Guide for which patients to observe (excerpt)
Guide for which patients to observe (excerpt)
Indications for observation
1. Focused goal of patient care. The physician’s notes should document what the reason for observation is. Generally, there should be only one specific problem that requires acute management. When multiple problems require management, the likelihood of admission is much higher. The three broad categories of observation are:
- diagnostic evaluation of a critical syndrome, such as chest pain, abdominal pain, etc.;
- short-term treatment of an emergency condition, such as dehydration, asthma, renal colic, etc.;
- management of psychosocial needs, such as psychiatric, social worker, or continuing-care evaluation and management of selected problems.
2. Limited intensity of service. This is judged clinically by the Emergency Center (EC) physician. Patients not meeting this criterion should be managed in the EC or admitted to the hospital (i.e., patients who require one-on-one nursing care).
3. Limited severity of illness. This also is judged clinically by the EC physician (i.e., patients who are in extremis or clinically unstable). Following low severity of illness/intensity of service (SI/IS) criteria enables the Observation Unit to be run effectively.
4. Clinical condition appropriate for observation. In general, the observed condition should have a high (70-80%) probability of discharge within 18 hours. It should also be a condition for which initial discharge from the EC is not likely (i.e., an otherwise admitted condition). In addition to the list of "Observation Unit Clinical Conditions" included in this packet, the physician covering the unit may elect to observe other conditions if they meet the above criteria. This group will be monitored.
Contraindications to observation
1. High severity of illness. Patients requiring more nursing care than can be offered in the unit. For example, patients with unstable vital signs, or unstable cardiac, pulmonary, or neurological condition. These patients should be managed in the initial EC treatment area until deemed to be stable for at least one hour.
2. High intensity of service. Patients who are too unstable or ill to be observed. For example, difficult intoxicated or suicidal psychiatric patients, patients requiring frequent vital signs or treatments.
3. Patients requiring admission. If inpatient admission is apparent in the initial treatment area, the patient should not enter for "observation." This type of patient is defined as a "hold" if they are simply waiting for a bed.
4. Age less than 13 years old. These patients will be managed on the inpatient pediatric floor. Pediatric patients over the age of 13 who are transferred to the observation unit should not have significant underlying illness or co-morbidities, which may require increased nursing care (high SI criteria).

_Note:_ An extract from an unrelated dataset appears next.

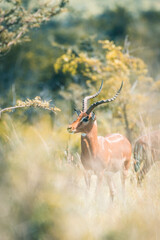 Male impala standing in tall grass in the African bush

5. Obstetric patients over 20 weeks pregnant. These patients should be managed on the Labor and Delivery (L&D) unit according to EC policy. If they have already been evaluated on L&D and sent back to EC, or cleared by their private obstetrician for management of a non-obstetrical condition (i.e., asthma), they may be managed in the Observation Unit.
6. Anticipated observation length of stay less than three hours or over 18 hours. The work of transferring, admitting, and discharging the patient is not efficiently spent if the patient stays for less than three hours. A regular audit of such admissions will be performed. Since most observed cases are discharged in 1015 hours, cases that will clearly require more than 18 hours of care are unlikely to benefit from the unit.
7. Nursing home placement. Patients must first have the feasibility of their observation placement plan approved by the continuing care or admissions transfer office nurse. This group often fails placement in a timely manner.